**EXERCISE INSTRUCTIONS:**
Repeat the listing that follows exactly. Pictures are not part of the copy.

**DATA SHOWN:**
#####
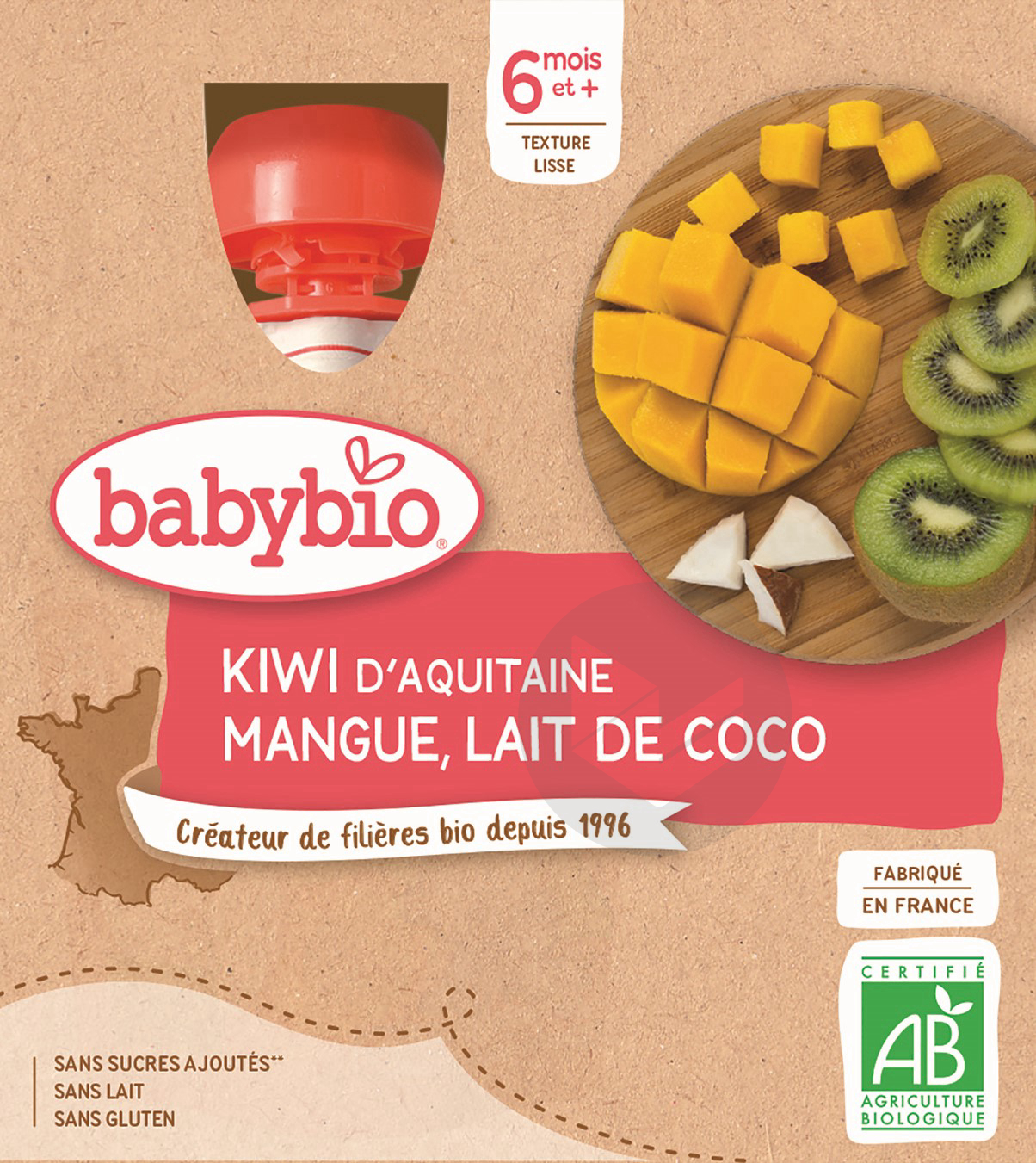 BABYBIO Gourde Kiwi Mangue Coco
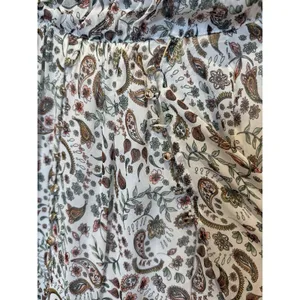 Nicholas Silk Paisley Long Sleeve Midi Dress Size 12 Mock Neck‎ Cuff Sleeve thumbnail 6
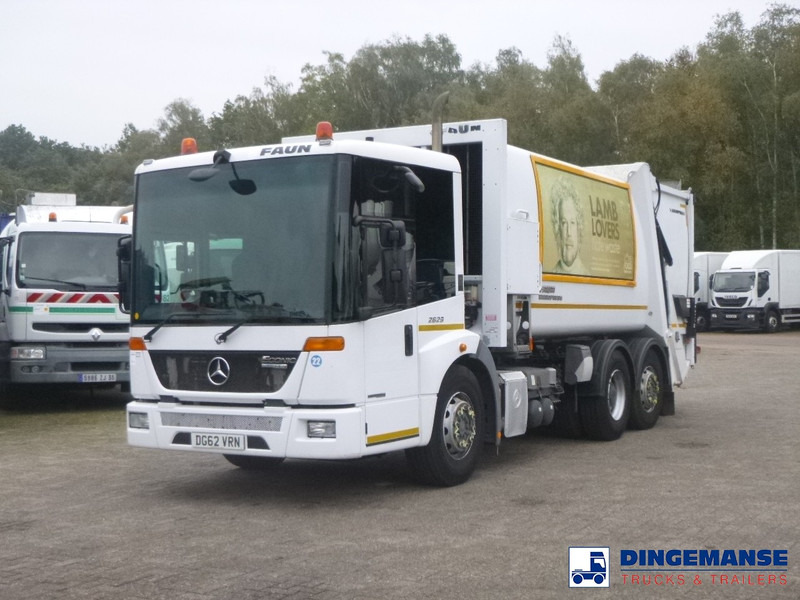Mercedes-Benz Econic 2629 6x2 RHD Faun Variopress refuse truck - Auto na odvoz odpadu: obrázok 1 Mercedes-Benz Econic 2629 6x2 RHD Faun Variopress refuse truck - Auto na odvoz odpadu: obrázok 1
#####
**SOLUTION BELOW:**
 BABYBIO Gourde Kiwi Mangue Coco
 Nicholas Silk Paisley Long Sleeve Midi Dress Size 12 Mock Neck‎ Cuff Sleeve thumbnail 6
Mercedes-Benz Econic 2629 6x2 RHD Faun Variopress refuse truck - Auto na odvoz odpadu: obrázok 1 Mercedes-Benz Econic 2629 6x2 RHD Faun Variopress refuse truck - Auto na odvoz odpadu: obrázok 1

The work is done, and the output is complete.